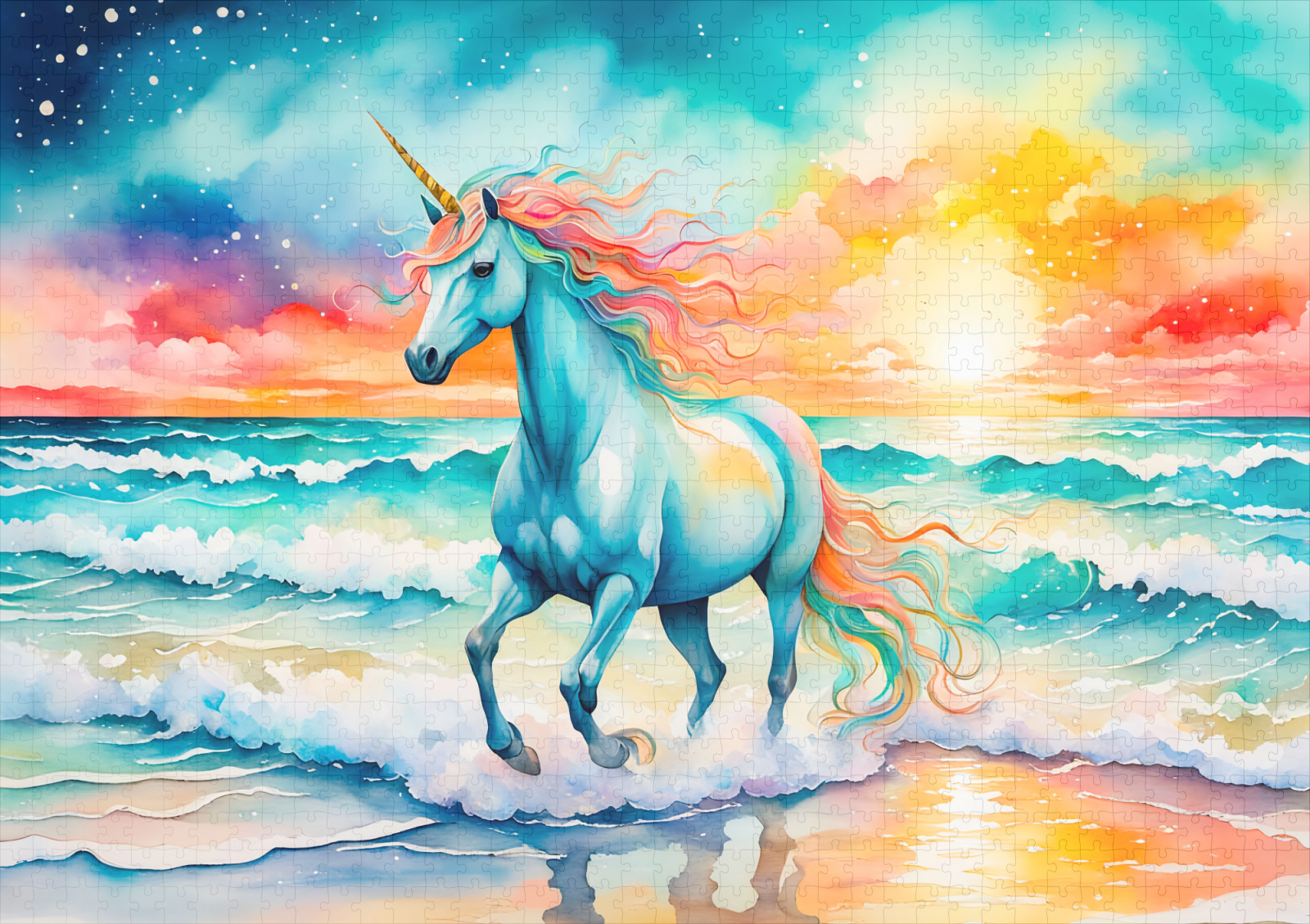 raxxa Premium-Puzzle: Boho Watercolor Sparkling Blue Unicorn Galloping On Ocean Shore - immagine 2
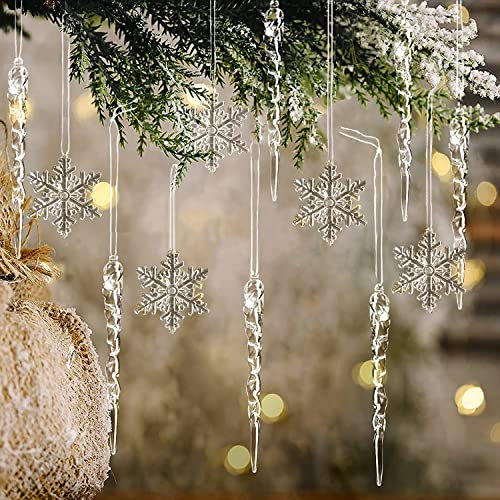 ToBeIT Weihnachtsdeko 20 Stücke Acryl Schneeflocken und Eiszapfen Weihnachtsbaum Anhänger- Christbaumschmuck Kunststoff Eiszapfen und Schneeflocken Winterdekoration (Länge 127mm)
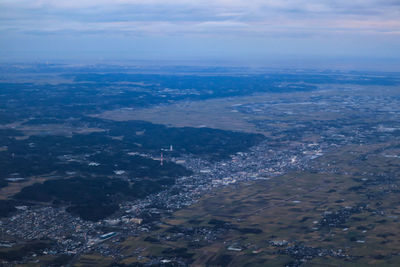 High angle view of cityscape against sky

::::

## INSTRUCTIONS FOR THE TASK
Set down word for word the lines beginning with the one containing "ToBeIT Weihnachtsdeko 20" and ending with the last line of the listing, inclusive. Omit every picture.

## SOLUTION
 ToBeIT Weihnachtsdeko 20 Stücke Acryl Schneeflocken und Eiszapfen Weihnachtsbaum Anhänger- Christbaumschmuck Kunststoff Eiszapfen und Schneeflocken Winterdekoration (Länge 127mm)
 High angle view of cityscape against sky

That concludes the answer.